Die kurze Szene sah danach als, als würde sie ein neues Spin-Off vorbereiten und genau so kommt es nun auch. Donnie Yen hat den Vertrag unterschrieben, als Caine in einem eigenen Film aus dem John-Wick-Universum zurückzukehren. Die Dreharbeiten werden nächstes Jahr in Hogkong beginnen und der Film wird nach den Ereignissen von John Wick: Kapitel 4 spielen. Sawayamas Rückkehr als Akira wurde bislang nicht bestätigt, doch es wäre überraschend, wenn der Cliffhanger ihrer letzten Szene unaufgelöst bleiben würde. Robert Askins ("The Umbrella Academy") schreibt das Drehbuch zum noch unbetitelten Spin-Off. Wer Regie übernehmen wird, steht noch nicht fest. John-Wick-Regisseur Chad Stahelski fungiert diesmal als Produzent.

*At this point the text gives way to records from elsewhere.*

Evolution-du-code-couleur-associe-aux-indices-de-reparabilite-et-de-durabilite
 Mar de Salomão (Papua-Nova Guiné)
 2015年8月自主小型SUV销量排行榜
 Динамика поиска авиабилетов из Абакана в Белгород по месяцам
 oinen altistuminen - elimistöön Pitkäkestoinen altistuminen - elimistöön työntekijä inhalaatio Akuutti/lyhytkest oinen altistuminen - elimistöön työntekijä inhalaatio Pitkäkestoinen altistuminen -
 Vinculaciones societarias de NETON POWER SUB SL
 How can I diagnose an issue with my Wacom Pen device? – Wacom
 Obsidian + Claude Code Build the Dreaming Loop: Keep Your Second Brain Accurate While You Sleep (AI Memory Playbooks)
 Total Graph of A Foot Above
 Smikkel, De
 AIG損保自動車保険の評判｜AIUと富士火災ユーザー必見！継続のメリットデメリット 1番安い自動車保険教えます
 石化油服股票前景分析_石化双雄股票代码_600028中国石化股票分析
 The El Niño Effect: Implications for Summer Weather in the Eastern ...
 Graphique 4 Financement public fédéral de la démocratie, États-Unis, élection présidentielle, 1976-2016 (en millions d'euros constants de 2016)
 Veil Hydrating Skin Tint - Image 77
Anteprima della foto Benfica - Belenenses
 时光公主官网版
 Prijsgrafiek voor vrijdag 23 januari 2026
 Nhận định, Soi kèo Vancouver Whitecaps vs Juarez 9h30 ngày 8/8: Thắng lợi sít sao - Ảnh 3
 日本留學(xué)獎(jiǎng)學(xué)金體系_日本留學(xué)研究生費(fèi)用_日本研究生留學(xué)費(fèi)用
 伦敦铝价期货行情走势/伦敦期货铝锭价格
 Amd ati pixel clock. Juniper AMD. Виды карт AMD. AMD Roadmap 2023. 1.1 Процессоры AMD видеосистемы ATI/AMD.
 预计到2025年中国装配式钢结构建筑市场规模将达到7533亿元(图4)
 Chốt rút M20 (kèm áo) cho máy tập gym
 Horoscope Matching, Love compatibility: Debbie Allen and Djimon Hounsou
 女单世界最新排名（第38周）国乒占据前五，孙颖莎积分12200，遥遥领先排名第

Es wird das zweite Kino-Spin-Off der John-Wick-Reihe sein nach Ballerina mit Ana de Armas als tödliche Killerin, die den Tod ihrer Familie rächt. Ballerina wurde zuletzt um ein ganzes Jahr nach hinten bis 2025 verschoben, weil der Film umfangreichen Nachdrehs unterzogen wird, die die Actionszenen verbessern und neue Charaktere einführen sollen. Weil Ballerina zwischen dem dritten und dem vierten John-Wick-Teil spielt, absolvieren darin Keanu Reeves als John, Ian McShane als Winston und der leider verstorbene Lance Reddick als Charon Gastauftritte. Reeves soll sogar eine ausgiebige Actionszene neben de Armas in dem Film haben.
Ob vertraute Gesichter auch im Caine-Spin-Off mit Donnie Yen zu sehen sein werden, ist noch unbekannt. Der Film wäre die perfekte Gelegenheit, um die Wiedergeburt von John Wick vorzubereiten, denn ein fünfter Film ist nach dem Riesenerfolg des vierten nicht nur unausweichlich, sondern wurde im Prinzip schon von Lionsgate angekündigt, auch wenn Stahelski und Reeves sich noch bedeckt halten. Die eigentliche Frage lautet nicht, ob John Wick zurückkehren wird, sondern wann. Es ist aktuell Lionsgates erfolgreichstes Franchise und das Studio wird es auch melken, was das Zeug hält. Neben den beiden angekündigten Spin-Off-Filmen und einem fünften Teil der Hauptreihe sind außerdem eine Animeserie und eine weitere Realserie aus dem John-Wick-Universum geplant.
Ob das zu viel des Guten ist, wird sich noch zeigen. Auf den Solo-Film von Donnie Yen als Caine freue ich mich aber sehr. Nicht nur war sein Charakter das Highlight im ansonsten zu langen und teilweise redundanten vierten Film, es ist auch immer eine Freude, den aktuell möglicherweise besten Martial-Arts-Star der Welt in seinem Element zu sehen.